Records provided =
BEGIN

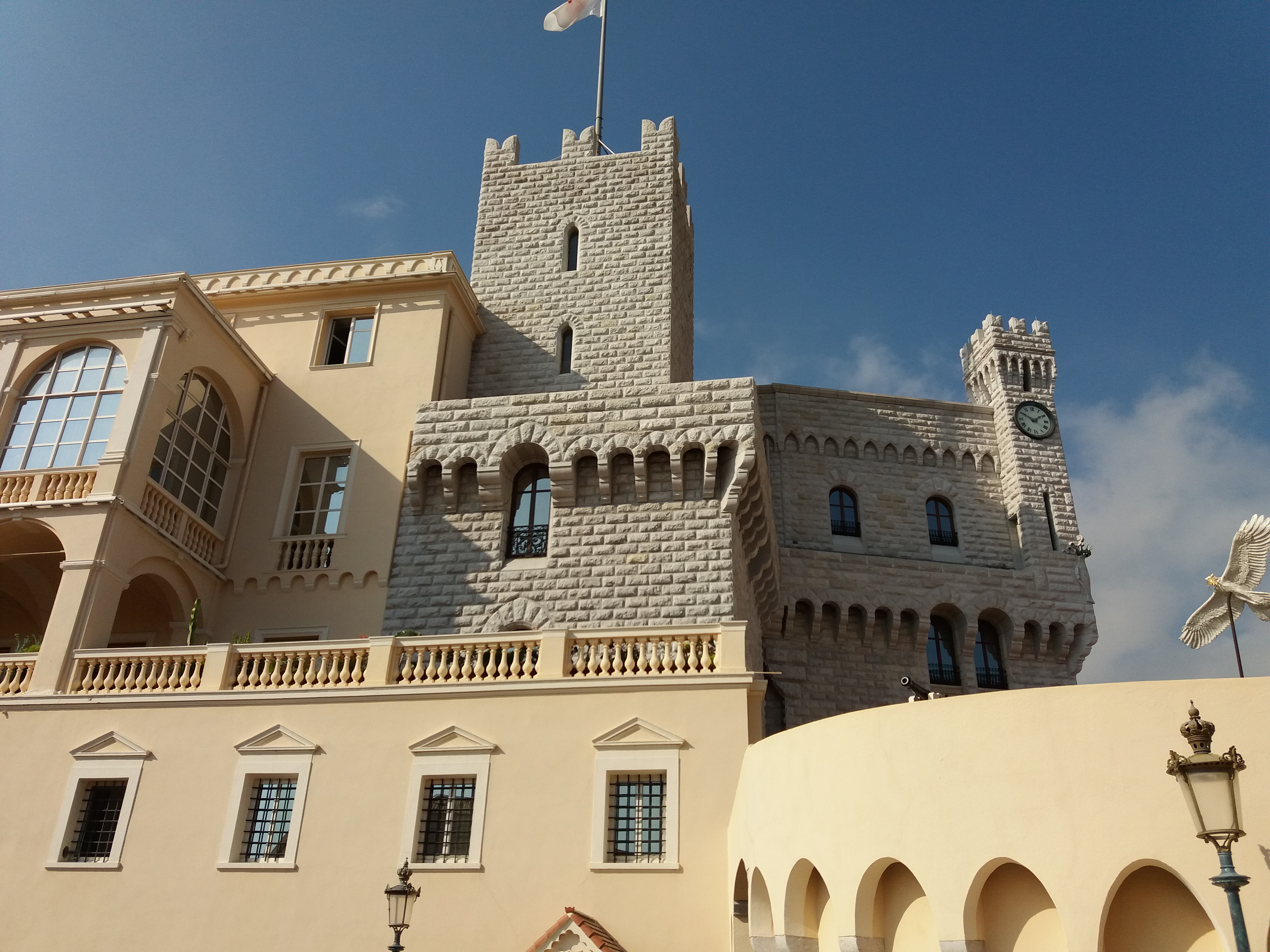 Montecarlo 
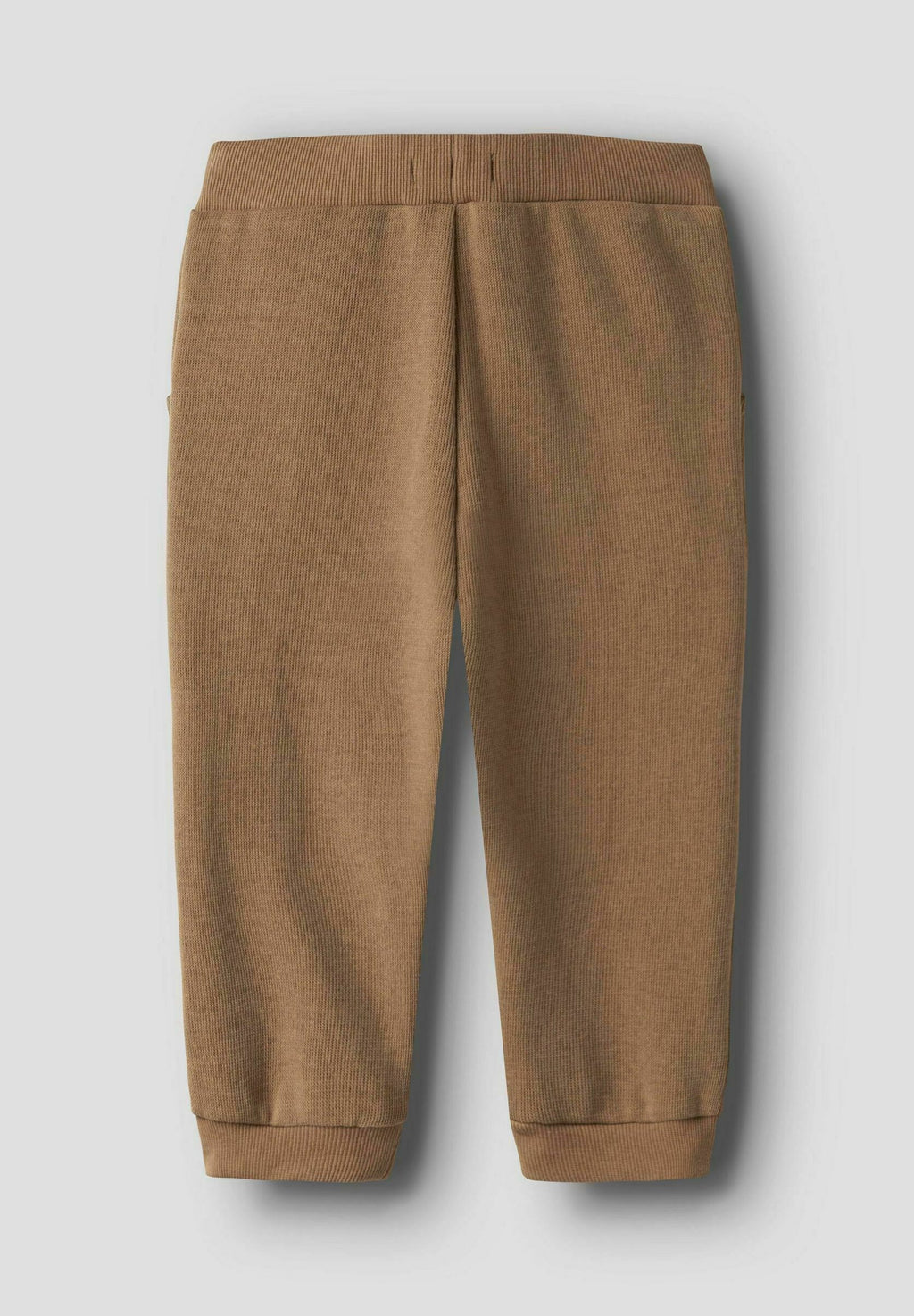 Name it Regular Fit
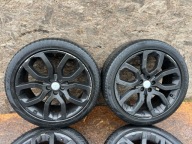 wheels discs LAND ROVER EVOQUE L538 DISCOVERY SPORT 20 8J ET45 EJ3M-DA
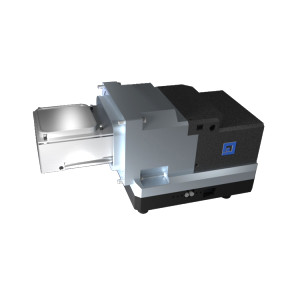 TVIPS相机TemCam-XF416 (R)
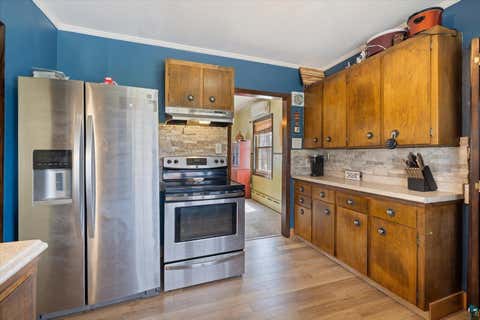 Tiny photo for 520 N 15th St, Virginia, MN 55792 (MLS # 6125157)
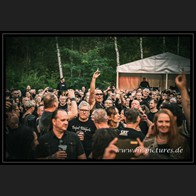 202500905_Rotersand_22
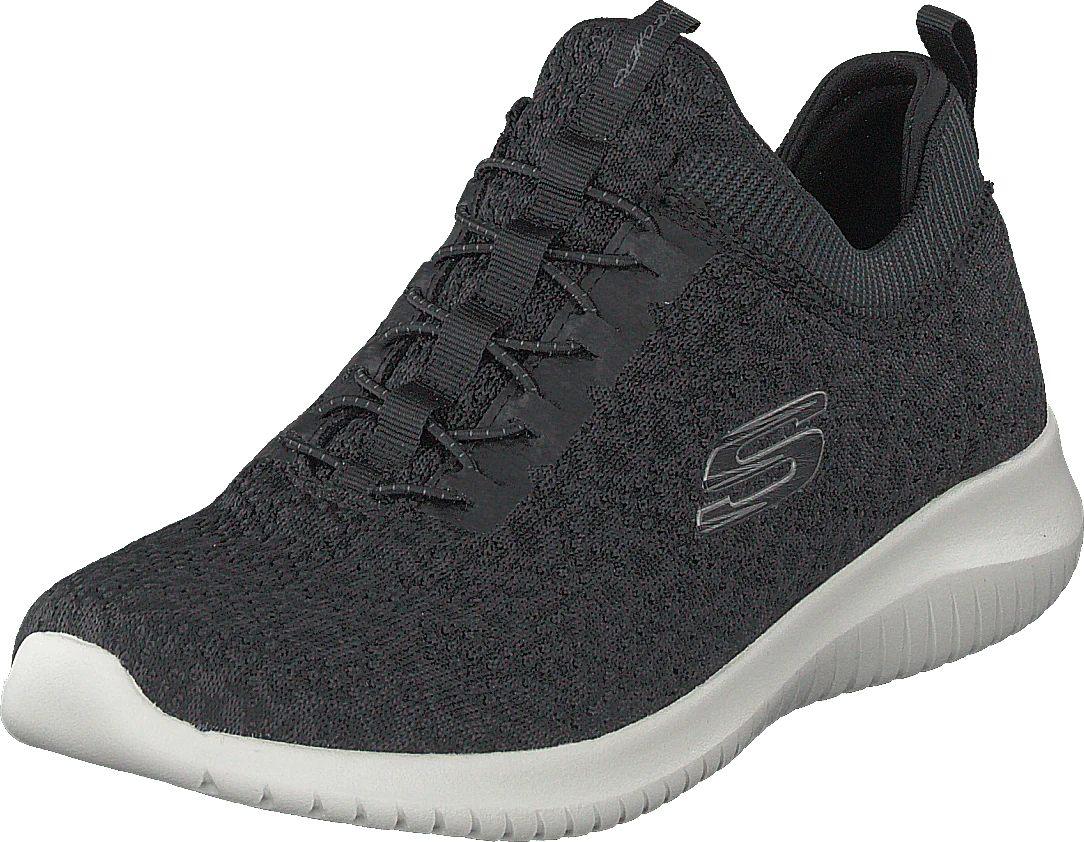 Womens Ultra Flex Bkw - Image 3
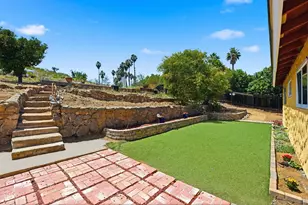 515 Ross Dr, Escondido, CA 92029 - Photo 39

END

Return every entry above word for word, leaving pictures out.

 Montecarlo 
 Name it Regular Fit
 wheels discs LAND ROVER EVOQUE L538 DISCOVERY SPORT 20 8J ET45 EJ3M-DA
 TVIPS相机TemCam-XF416 (R)
 Tiny photo for 520 N 15th St, Virginia, MN 55792 (MLS # 6125157)
 202500905_Rotersand_22
 Womens Ultra Flex Bkw - Image 3
 515 Ross Dr, Escondido, CA 92029 - Photo 39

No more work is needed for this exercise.